BMJ 1994;308:1321-2 (21 May)

News

New report criticises Upjohn over Halcion

C Dyer 

Upjohn, the maker of the banned sleeping pill Halcion (triazolam), "engaged in an ongoing pattern of misconduct" over the drug, according to a report from the US Food and Drug Administration (FDA) investigators. The company failed to report 30% of adverse side effects in a pivotal early study, protocol 321, the report concludes. Upjohn seemed to have misrepresented data to persuade the FDA to waive a proposed 14 day limit on use, "even though available evidence indicated that long term use was both dangerous and medically untenable.... The firm chose to disregard the potential harm of inappropriate use, in order to gain additional sales (profits)."

The conclusions come from the report of an investigation sparked off by allegations during litigation over Halcion in the US that adverse reactions from protocol 321 had been underreported to the FDA. The investigation was stopped in March 1992 after three months, but the report was finalised only last month, when it became available under the US Freedom of Information Act.

Upjohn is suing Professor Ian Oswald, emeritus professor of psychiatry at Edinburgh University, over remarks, quoted in the New York Times, accusing the company of deliberately misleading drug regulators over Halcion's side effects.
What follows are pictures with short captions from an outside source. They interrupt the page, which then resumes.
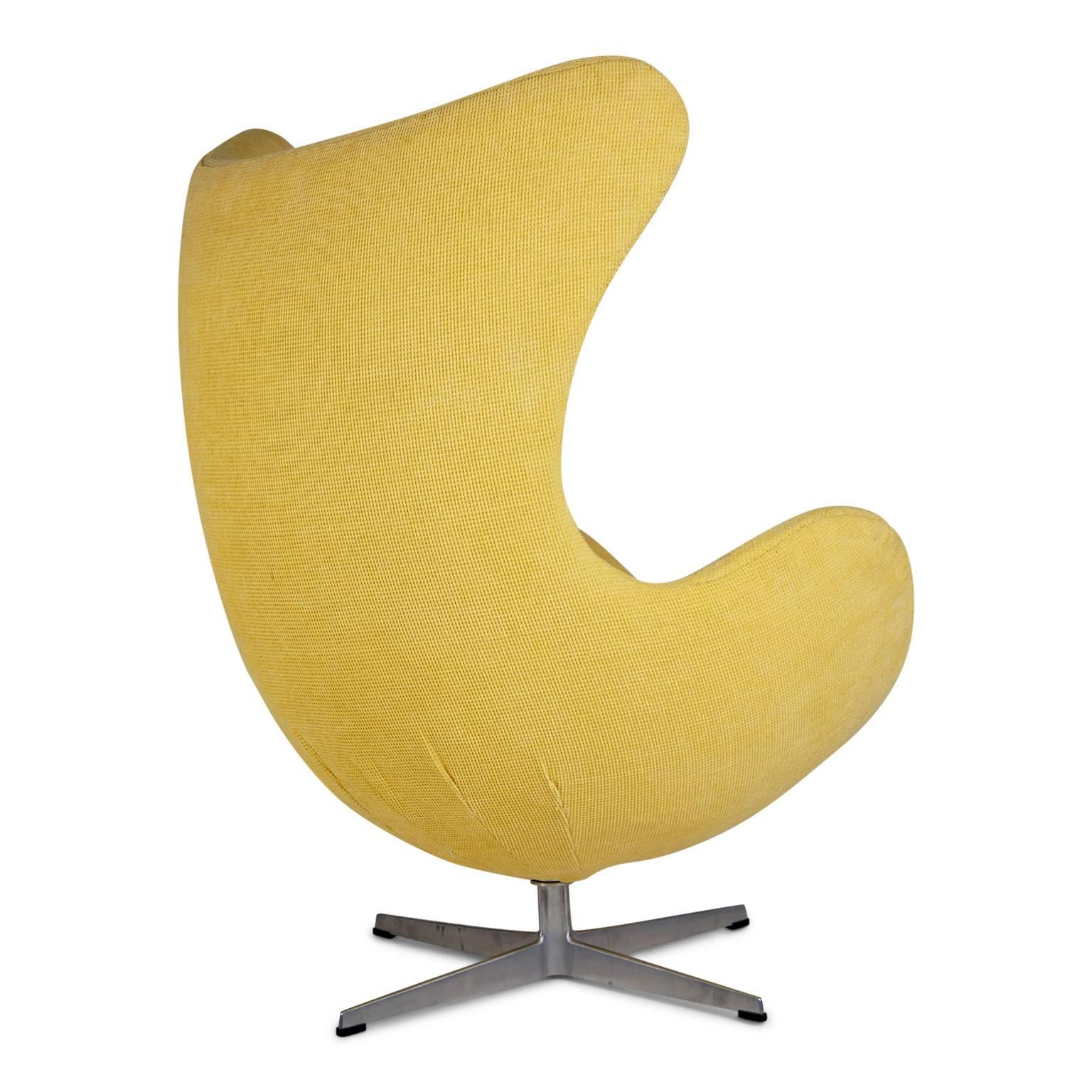 Scandinavian Modern Arne Jacobsen for Fritz Hansen Model 3316 Egg Chairs and Footstools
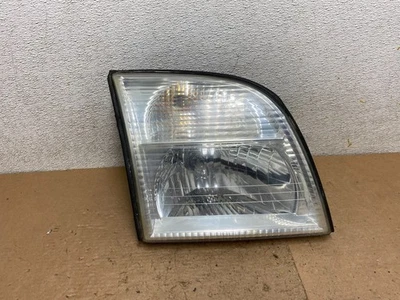 2002-2005 Mercury Mountaineer Right Passenger Halogen Headlight Oem P6753 DW - Image 1 of 4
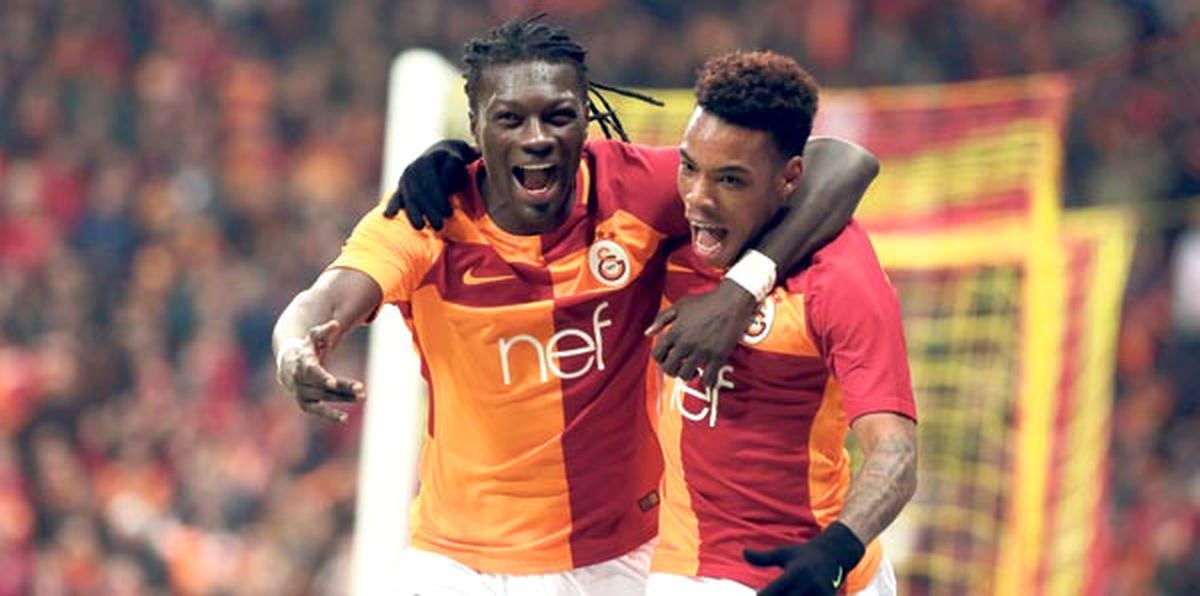 Galatasaray Evinde Rahat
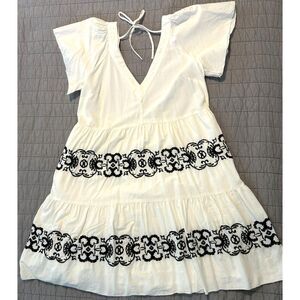 Old Navy Embroidered Mini Swing Dress Off-white/Black Vneckline Size Small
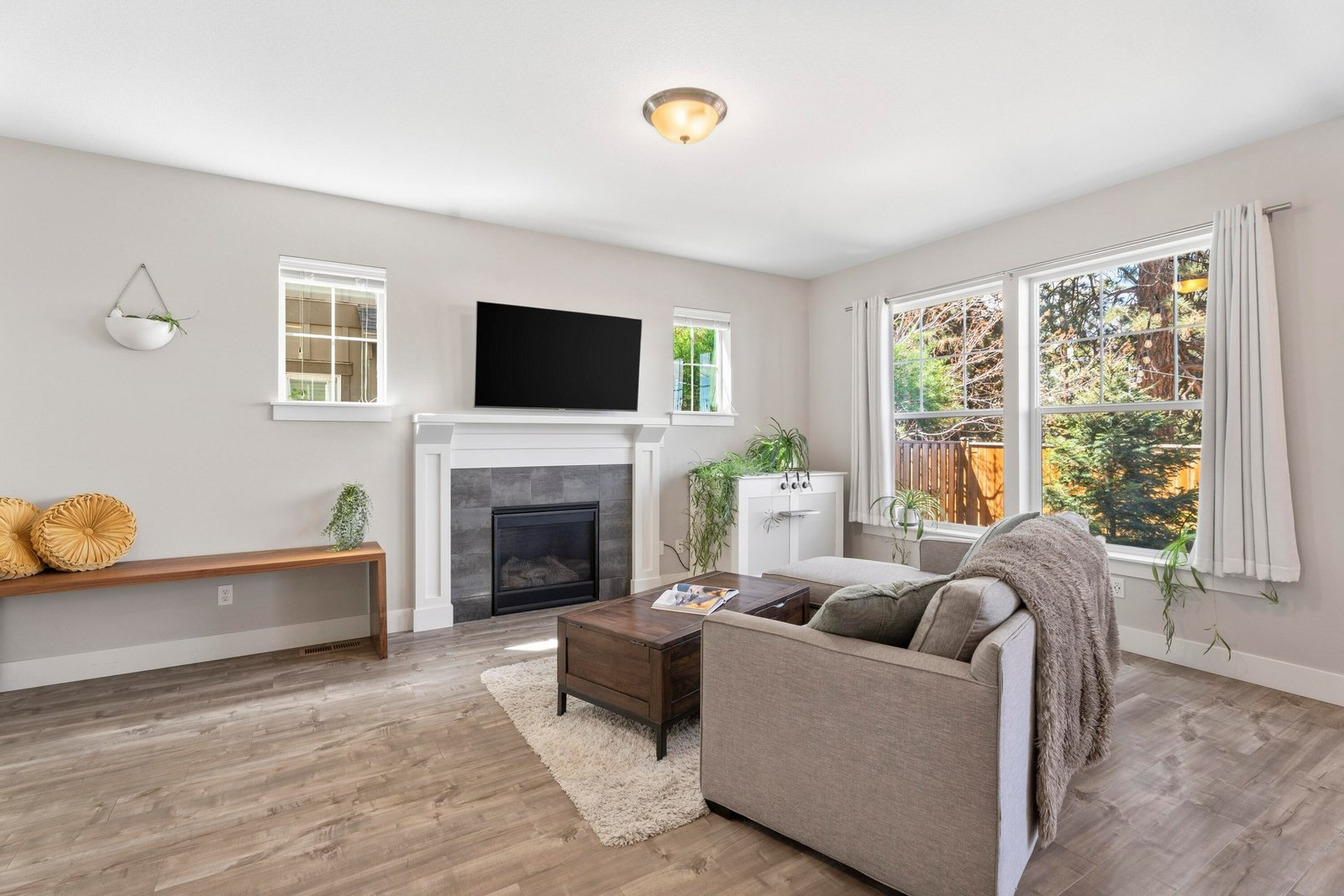 1035 SE Leonel Lane photo 4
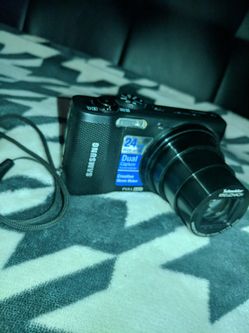Samsung WB750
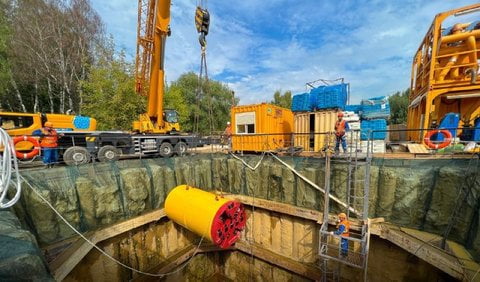 Опуск щита на Щукинском газопроводе-дюкере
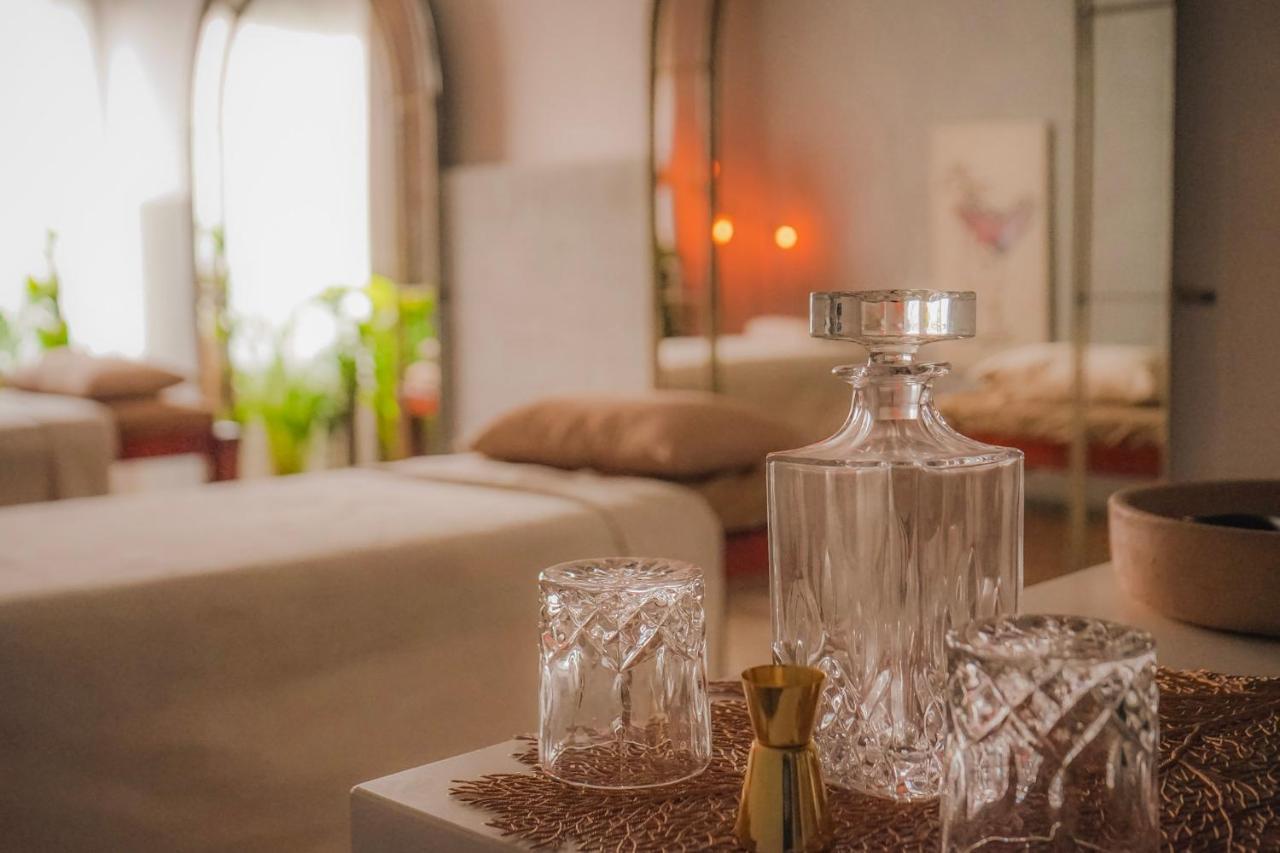 V Grand Hotel, A Member Of Radisson Individuals ميديلين المظهر الخارجي الصورة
Professor Oswald is counterclaiming over Upjohn's description of his work as "junk science" and suggestions that he was influenced by fees received in litigation in the US. Mr Justice May is expected to deliver judgment in the four month case, which was heard without a jury, later this month or next month.

The FDA investigators, who interviewed current and former employees and inspected internal company documents at Upjohn's headquarters in Kalamazoo, Michigan, say that the company attempted to obtain approval for a 1 mg dose, even though available evidence indicated that this was too high. Halcion, which was approved for sale in Britain in 1978 and in the US in 1982, became the world's best selling sleeping pill, generating worldwide sales of $240m ((pounde sterling)160m) a year. As motivation for resisting a 14 day limit the investigators cite an internal memorandum stating that this "could reduce projected sales by 50% over a 10 year period."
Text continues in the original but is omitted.